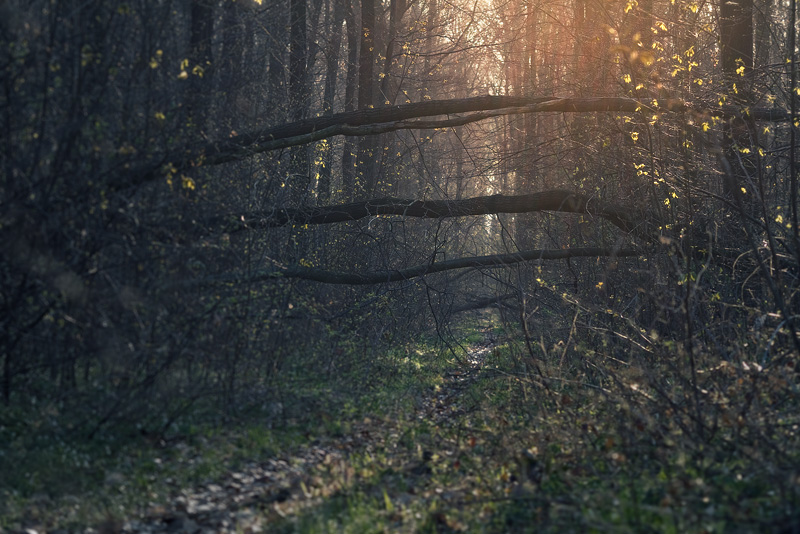 forest path trunks spring lense flare feldauge petersberg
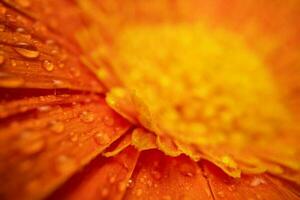 orange Färg daisy gerbera blomma stänga upp foto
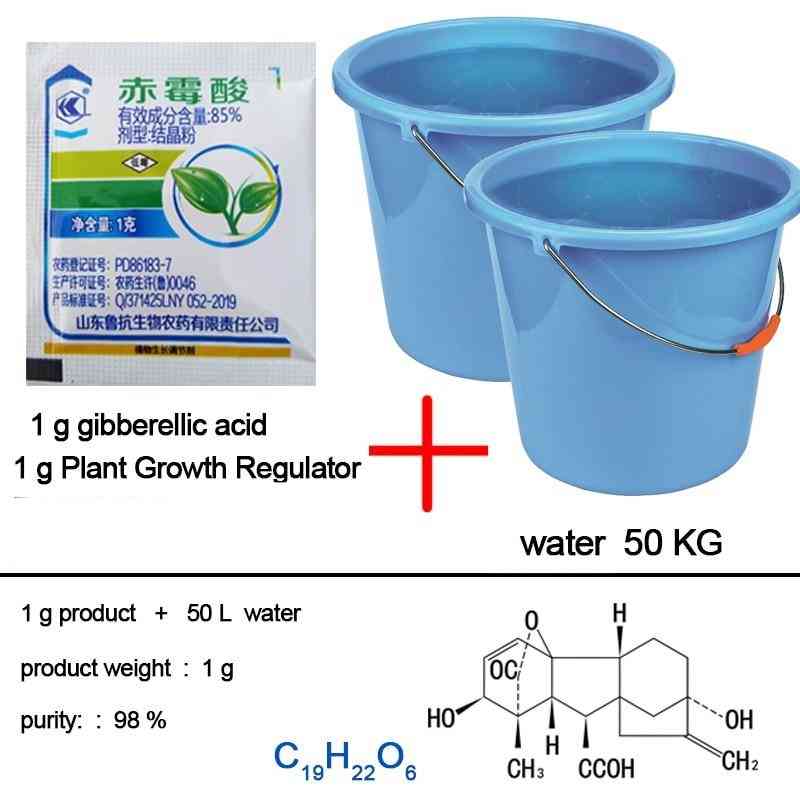 Concentrat acid giberelic crește îngrășământul pentru creșterea plantelor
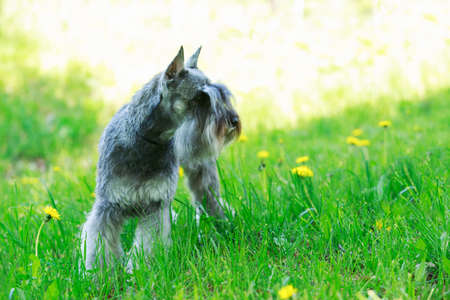 the dog breed miniature schnauzer on a green grassの写真素材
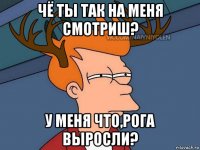 чё ты так на меня смотриш? у меня что,рога выросли?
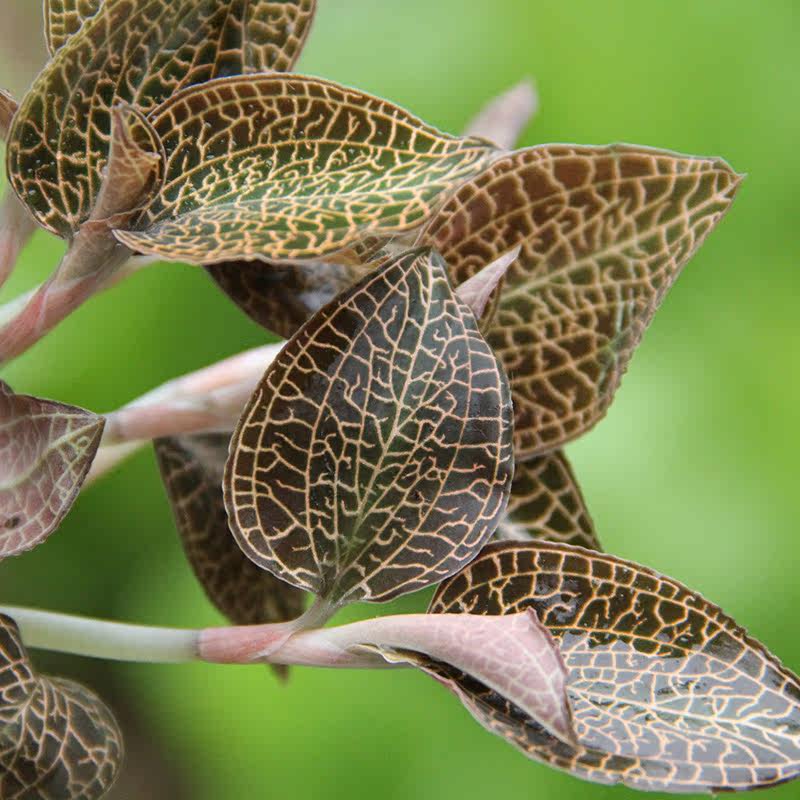正宗福建南靖金线莲整株鲜品 林下野生 新鲜现摘250克 金线莲种苗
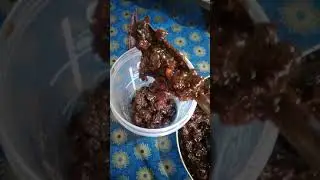 Dry plum pickle (Barakoli achar )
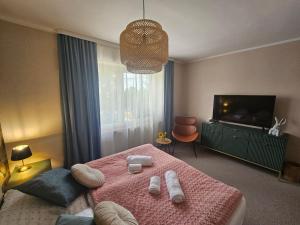 a bedroom with a pink bed and a television at LUCAFIORI Hotel OBORY in Obory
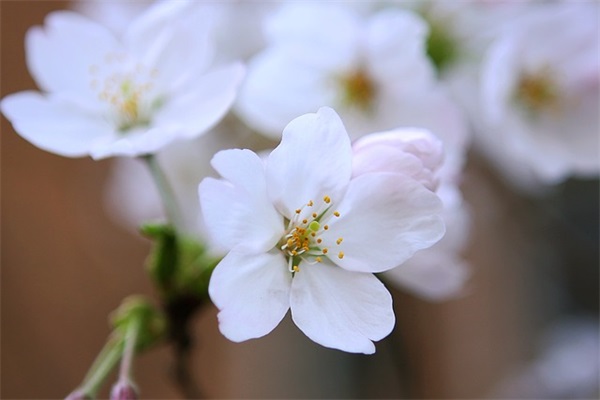 匆匆第3自然段仿写(精选14篇)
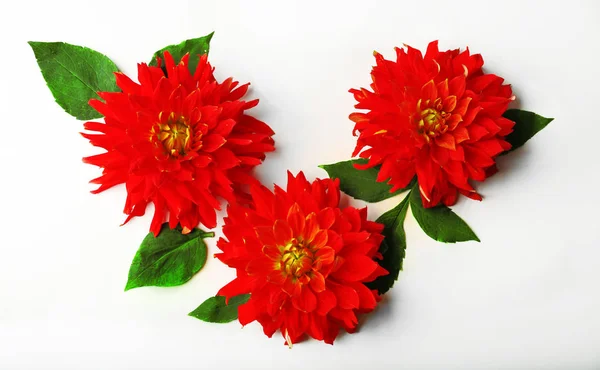 Beautiful red dahlia flowers — Stock Photo, Image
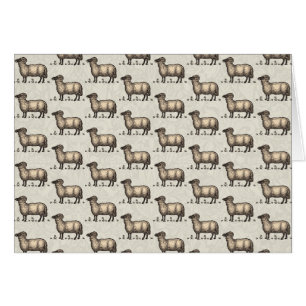 Sheep Lamb Farm Animal Vintage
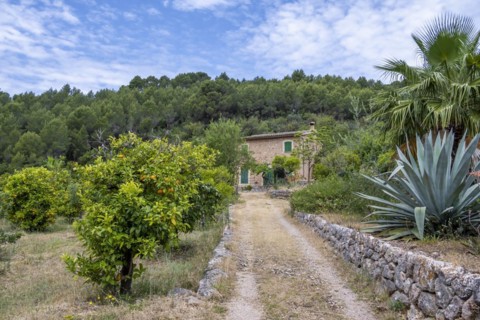 Small finca between orange trees
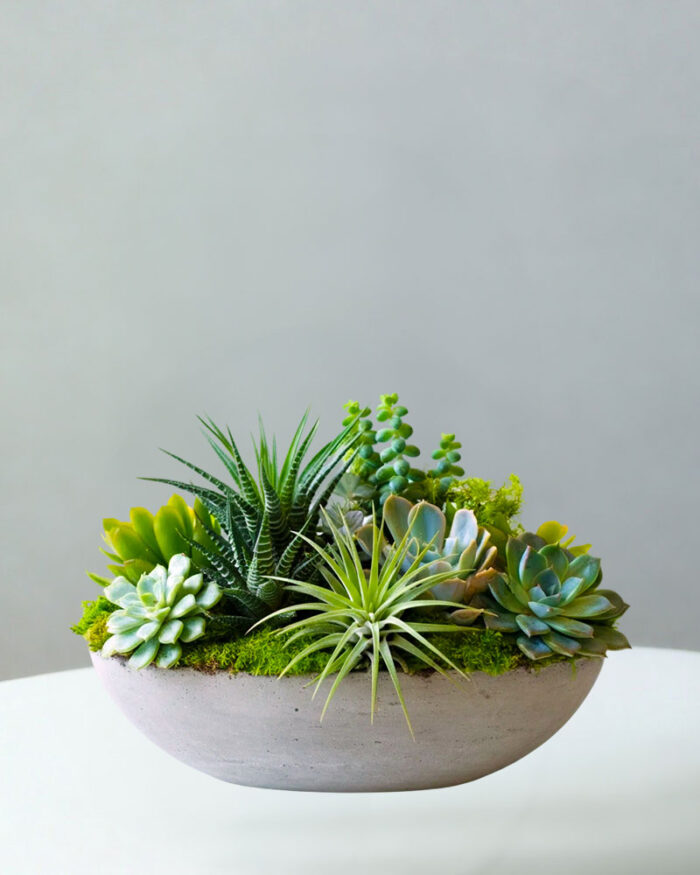 BC-Succulent-Dish-Garden-10.jpg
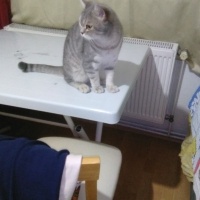 American Shorthair, Kedi  Üye fotoğrafı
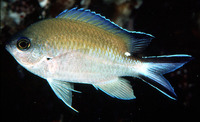 Chromis fumea, Smokey chromis:
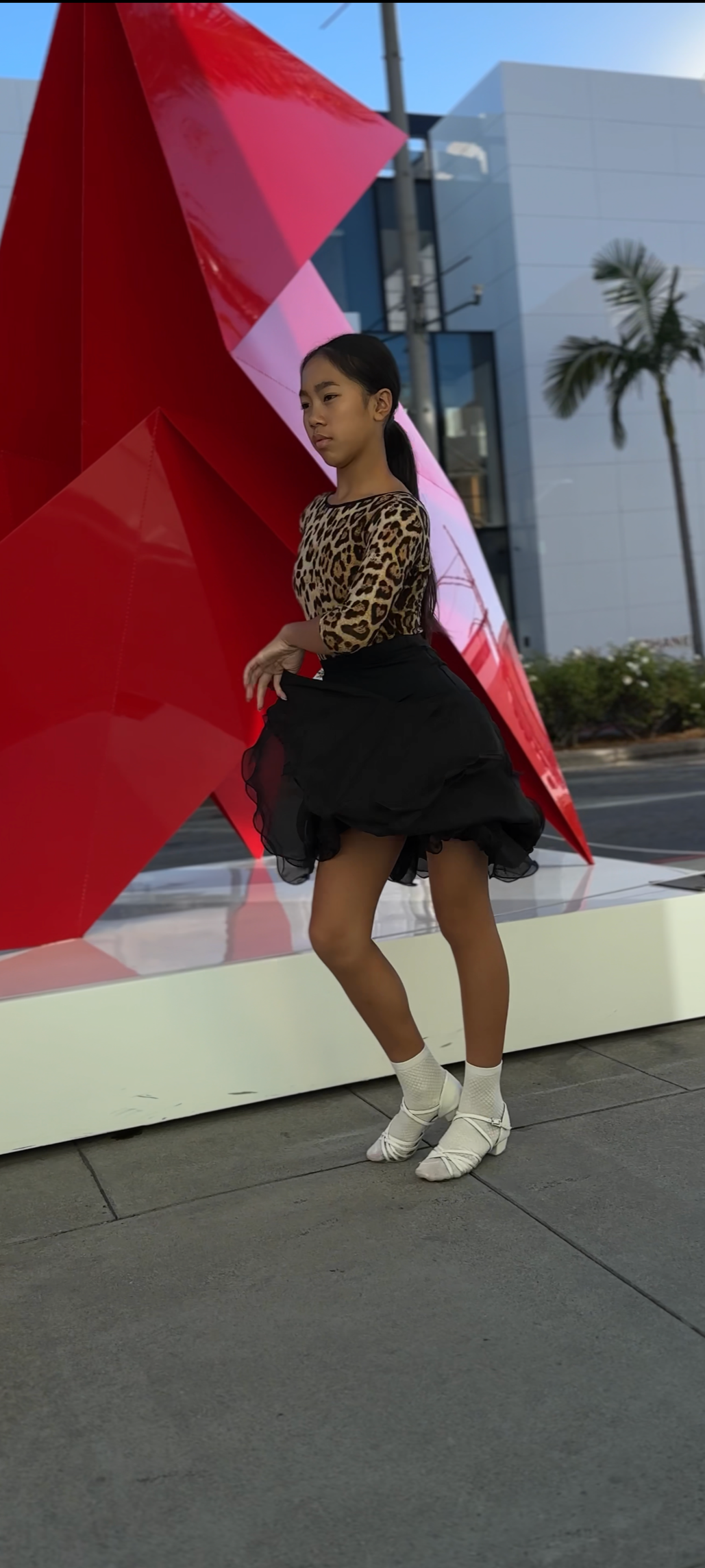 Leopard Juvenile Leotard and Black Skirt
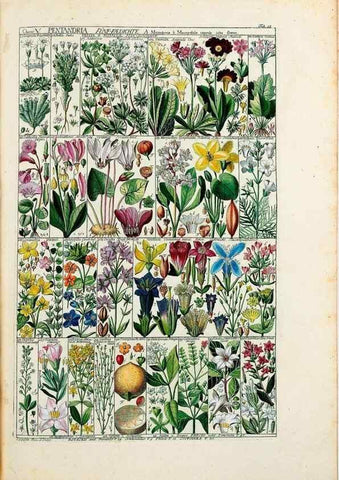 Reproducción/Reproduction 47788773202: Tabulae phytographicae,. Turici,Impensis J.H. Fuessli,1795-1804.. 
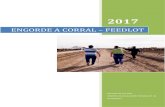 ENGORDE A CORRAL – FEEDLOT - RÍO NEGRO › admarchivos › files... · 2017-12-19 · El trabajo áulico se concentró en el curso de “Producción de bovinos a corral – feedlot”,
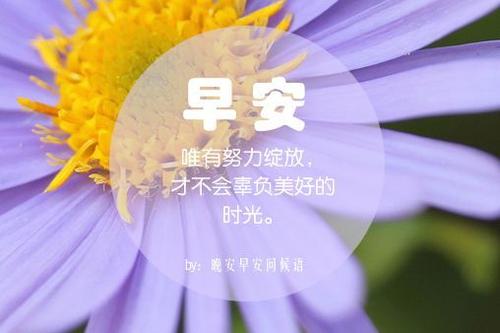 2019早安励志词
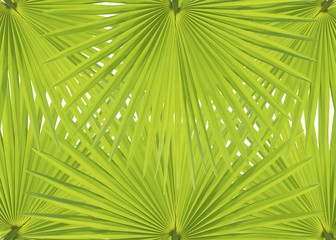 Leaf illustrations with white background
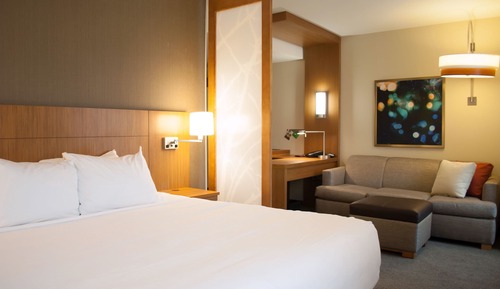 Single Room, 1 King Bed with Sofa bed (High Floor)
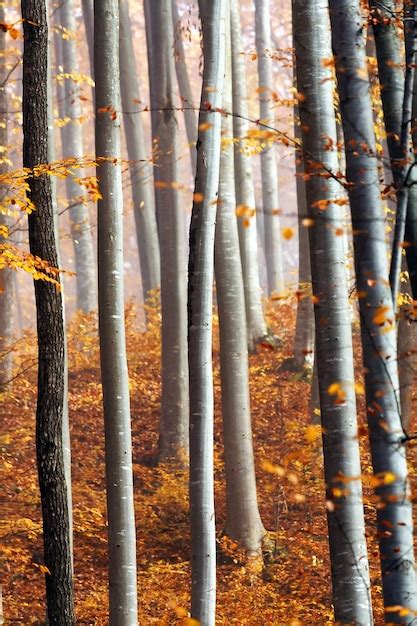 Premium Photo Tree Trunks In The Forest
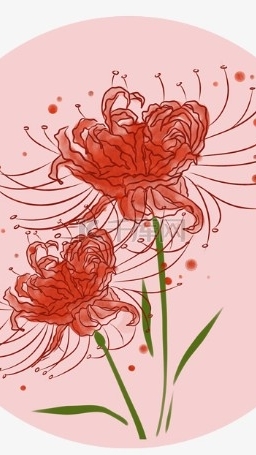 天神👸彼岸花🌸殺豬小隊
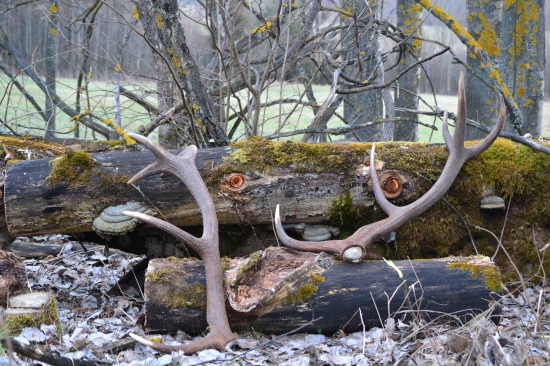 Nedeľný nález potešil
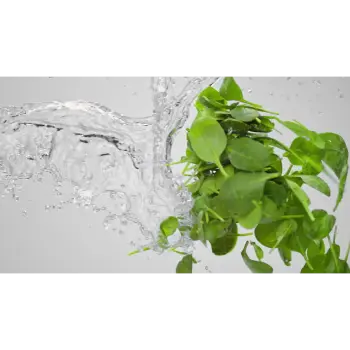 spinach (5)-7717455-33103.webp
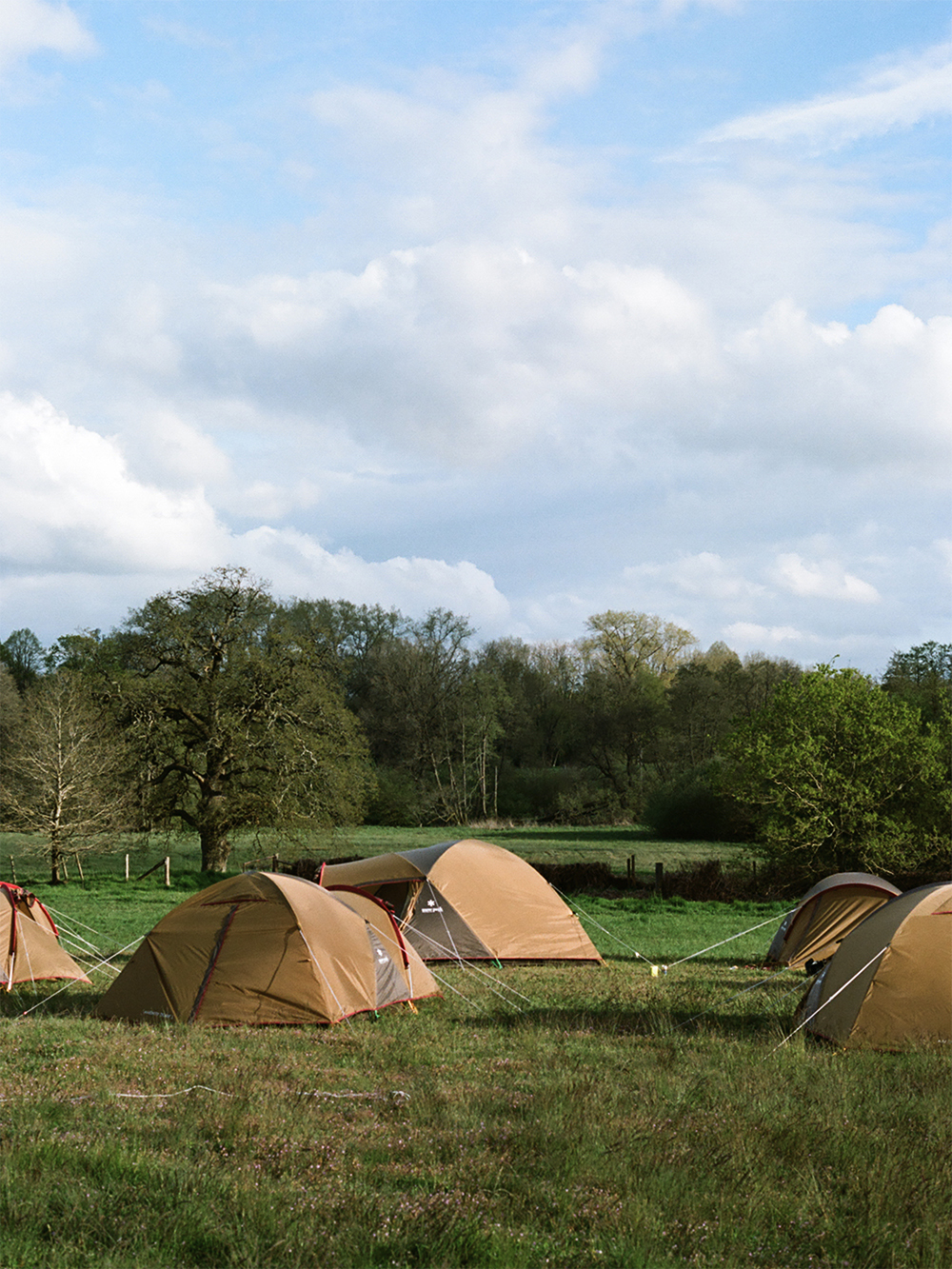 Farm Camp & Accommodation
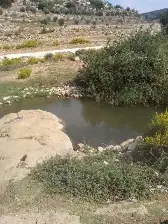 עין הצפצפה — תמונה 1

* * *

» **PROBLEM STATEMENT**: When you reach the line containing "BC-Succulent-Dish-Garden-10.jpg" in the entries above, begin restating word for word, and stop once the line containing "天神👸彼岸花🌸殺豬小隊" has been given. Omit the pictures.

» **WRITTEN SOLUTION**:
 BC-Succulent-Dish-Garden-10.jpg
 American Shorthair, Kedi  Üye fotoğrafı
 Chromis fumea, Smokey chromis:
 Leopard Juvenile Leotard and Black Skirt
 Reproducción/Reproduction 47788773202: Tabulae phytographicae,. Turici,Impensis J.H. Fuessli,1795-1804.. 
 ENGORDE A CORRAL – FEEDLOT - RÍO NEGRO › admarchivos › files... · 2017-12-19 · El trabajo áulico se concentró en el curso de “Producción de bovinos a corral – feedlot”,
 2019早安励志词
 Leaf illustrations with white background
 Single Room, 1 King Bed with Sofa bed (High Floor)
 Premium Photo Tree Trunks In The Forest
 天神👸彼岸花🌸殺豬小隊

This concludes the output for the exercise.